Pero la mujer... Su cara joven e inocente, cubierta con maquillaje de polvo de
arroz, brillaba con un blanco translúcido. En lo alto de su frente, las finas líneas
oscuras dibujadas sobre sus cejas rasuradas alzaban el vuelo sobre las medias
lunas que formaban las largas pestañas de sus ojos cerrados. Los labios
ligeramente separados dejaban ver dos dientes perfectos que, oscurecidos con
tinta, según la moda de las damas de alta cuna, brillaban como perlas negras. Su
largo cabello negro se derramaba casi hasta sus pies, sobre un quimono de seda
que se enroscaba alrededor de su esbelto cuerpo. Suspirando, se recordó a sí
mismo que su muerte era tan necesaria como la del hombre. Sin embargo, no
podía contemplar su belleza sin dejar de sentir un espasmo de profunda pena.
Un fuerte ruido parecido a unos pasos le sobresaltó. ¿Acaso había alguien
andando por el embarcadero? Luego, el sonido se repitió: dos golpes largos
seguidos por tres cortos. Enseguida se relajó. Se trataba solamente de un
vigilante nocturno, en alguna parte tierra adentro, golpeando sus badajos de
madera para señalar la hora. El agua había transportado el sonido.

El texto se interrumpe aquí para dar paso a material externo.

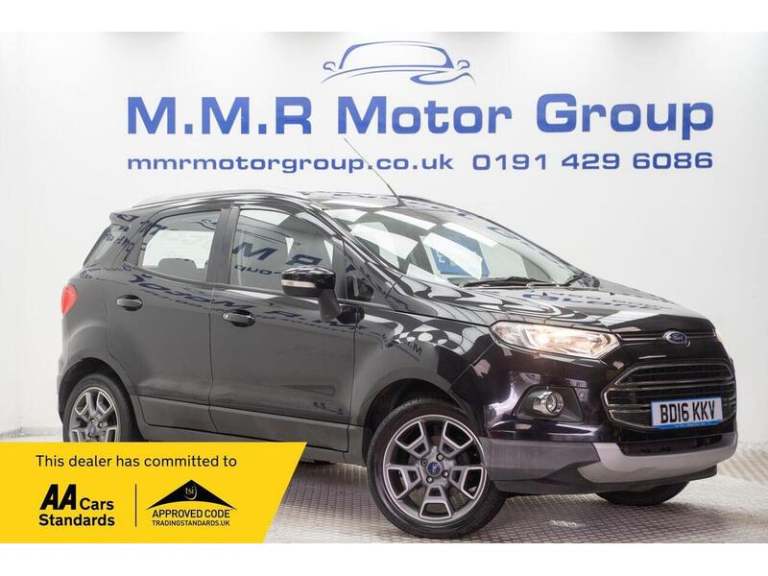 2016 Ford Ecosport 1.5 TDCi Titanium 2WD Euro 6 5dr SUV Diesel Manual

De su capa, sacó un pequeño estuche plano lacado que introdujo en el fajín
de la mujer. Después pasó sus brazos bajo los cuerpos y los alzó para echarlos
por la borda del bote. Se escuchó un chapoteo apagado cuando golpearon las
oscuras aguas. Antes de que pudieran hundirse, atrapó el extremo de la cuerda
que ataba sus muñecas y la sujetó alrededor del pilar, calzándola firmemente en
una grieta de la resbaladiza madera. Lanzó una última mirada a los cadáveres
que ahora flotaban justo debajo de la superficie del agua rodeados por la
ondulada maraña que formaba el pelo de la mujer. Luego miró de nuevo hacia el
puente.
Asintió con la cabeza satisfecho. Cuando los encontrasen, algo que sucedería
muy pronto, todo el mundo daría por sentado que habían saltado del puente
juntos y la corriente los había arrastrado río abajo hasta que el pilar les detuvo.
La carta sellada que contenía el estuche hermético confirmaría esta impresión.
Volvió a mirar, para asegurarse que la cuerda era segura. Luego desató su bote y
empezó el largo y frío viaje río arriba.